Alumni Profile: Kelly M. Greenhill

 

In this section we will ask an SSP alum 10 “Frequently Asked Questions” in order to spotlight their own career achievements as well as what insight they have gained as a result from their years at SSP.

 

Kelly M. Greenhill is Associate Professor and Director of International Relations at Tufts University, and Research Fellow and Chair of the Working Group on Conflict, Security and Public Policy at the Kennedy School of Government’s Belfer Center at Harvard University.

1) What is your degree and your dissertation title?

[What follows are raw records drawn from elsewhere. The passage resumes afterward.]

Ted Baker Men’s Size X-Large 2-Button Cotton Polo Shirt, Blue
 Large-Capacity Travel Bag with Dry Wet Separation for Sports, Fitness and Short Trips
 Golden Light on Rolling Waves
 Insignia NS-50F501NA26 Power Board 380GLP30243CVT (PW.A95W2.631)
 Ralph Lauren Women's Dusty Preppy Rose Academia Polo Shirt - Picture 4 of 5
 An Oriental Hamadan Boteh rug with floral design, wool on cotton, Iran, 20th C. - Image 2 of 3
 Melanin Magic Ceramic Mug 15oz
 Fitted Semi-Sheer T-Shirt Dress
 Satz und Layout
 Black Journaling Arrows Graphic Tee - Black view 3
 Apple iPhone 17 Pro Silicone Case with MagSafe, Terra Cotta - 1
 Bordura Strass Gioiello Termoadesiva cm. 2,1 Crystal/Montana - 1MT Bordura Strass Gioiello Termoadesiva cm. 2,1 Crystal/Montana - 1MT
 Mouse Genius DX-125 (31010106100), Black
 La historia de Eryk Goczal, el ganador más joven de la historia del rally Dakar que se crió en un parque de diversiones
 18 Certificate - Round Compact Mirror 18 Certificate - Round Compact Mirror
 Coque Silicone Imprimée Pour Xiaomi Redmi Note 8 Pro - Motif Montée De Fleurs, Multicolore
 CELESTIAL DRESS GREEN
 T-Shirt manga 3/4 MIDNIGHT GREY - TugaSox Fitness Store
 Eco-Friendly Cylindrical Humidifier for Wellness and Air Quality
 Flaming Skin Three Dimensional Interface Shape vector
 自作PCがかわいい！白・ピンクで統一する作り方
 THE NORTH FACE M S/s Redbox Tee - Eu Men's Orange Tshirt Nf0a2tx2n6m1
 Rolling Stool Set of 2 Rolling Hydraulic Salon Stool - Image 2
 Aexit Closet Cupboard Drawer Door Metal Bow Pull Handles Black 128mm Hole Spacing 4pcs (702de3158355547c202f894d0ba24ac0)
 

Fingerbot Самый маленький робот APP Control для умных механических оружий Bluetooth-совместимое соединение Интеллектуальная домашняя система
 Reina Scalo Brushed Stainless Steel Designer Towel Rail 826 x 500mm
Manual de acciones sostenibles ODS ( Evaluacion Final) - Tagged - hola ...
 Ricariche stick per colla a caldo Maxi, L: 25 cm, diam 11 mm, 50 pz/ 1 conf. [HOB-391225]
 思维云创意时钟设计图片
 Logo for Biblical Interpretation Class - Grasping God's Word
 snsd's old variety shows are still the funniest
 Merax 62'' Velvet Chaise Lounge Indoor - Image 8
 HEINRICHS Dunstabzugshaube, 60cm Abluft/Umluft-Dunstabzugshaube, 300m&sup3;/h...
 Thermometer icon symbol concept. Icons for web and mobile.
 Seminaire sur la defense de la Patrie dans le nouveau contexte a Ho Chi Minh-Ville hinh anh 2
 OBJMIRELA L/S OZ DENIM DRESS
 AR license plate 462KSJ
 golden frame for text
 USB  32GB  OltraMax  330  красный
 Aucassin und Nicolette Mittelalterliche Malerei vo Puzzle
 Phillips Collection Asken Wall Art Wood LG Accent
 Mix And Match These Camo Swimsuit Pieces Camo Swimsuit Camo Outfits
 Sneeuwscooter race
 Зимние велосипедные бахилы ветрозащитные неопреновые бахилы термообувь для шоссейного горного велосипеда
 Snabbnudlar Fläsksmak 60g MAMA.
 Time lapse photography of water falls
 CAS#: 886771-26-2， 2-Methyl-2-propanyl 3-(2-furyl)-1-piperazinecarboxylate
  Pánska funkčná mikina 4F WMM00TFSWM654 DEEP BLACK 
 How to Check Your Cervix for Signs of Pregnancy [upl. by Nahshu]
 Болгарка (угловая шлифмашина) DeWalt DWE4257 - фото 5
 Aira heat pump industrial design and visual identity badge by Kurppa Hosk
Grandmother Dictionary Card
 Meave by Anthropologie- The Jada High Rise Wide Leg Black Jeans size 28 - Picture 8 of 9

I earned both masters and doctoral degrees from MIT. My S.M. thesis was entitled “Dropouts to Top Scouts? An Analysis of the Use of the Military as a Tool for Social Reform.” It analyzed the use of the US military as a social engineering laboratory and as a political, economic and social pressure release valve, focusing in particular on the cases of the Civilian Conservation Corps (or CCC) during the Great Depression and Project 100,000 during the Vietnam War. Though I wrote this thesis many years ago now, I still regularly hear from veterans who have come across my thesis and who report that it has helped them make sense of, and come to terms with, events and experiences they had while serving in the military that had puzzled them for decades. Although I had no idea this would happen when I embarked on this project, it has been enormously gratifying to be reminded regularly that academic research can have salutatory, real world effects, even outside the policy world and far beyond the Beltway.   

My doctoral research was of a radically different nature and resulted in a Ph.D. thesis entitled “People Pressure: Strategic Engineered Migration as an Instrument of Statecraft and the Rise of the Human Rights Regime.”  This thesis served as the foundation of my first book, Weapons of Mass Migration: Forced Displacement, Coercion and Foreign Policy. The book won the 2011 International Studies Association’s Best Book of the Year Award and has since been translated into German and Italian (in whole) and into Spanish and Portuguese (in excerpted form). My post-graduate research has taken yet another, rather different turn, but dimensions of the tragic, ongoing migration emergencies in the Middle East, Europe and Latin America fit the theory presented in my book all too well in many respects, so I still spend a goodly chunk of my research energies focused on migration and security.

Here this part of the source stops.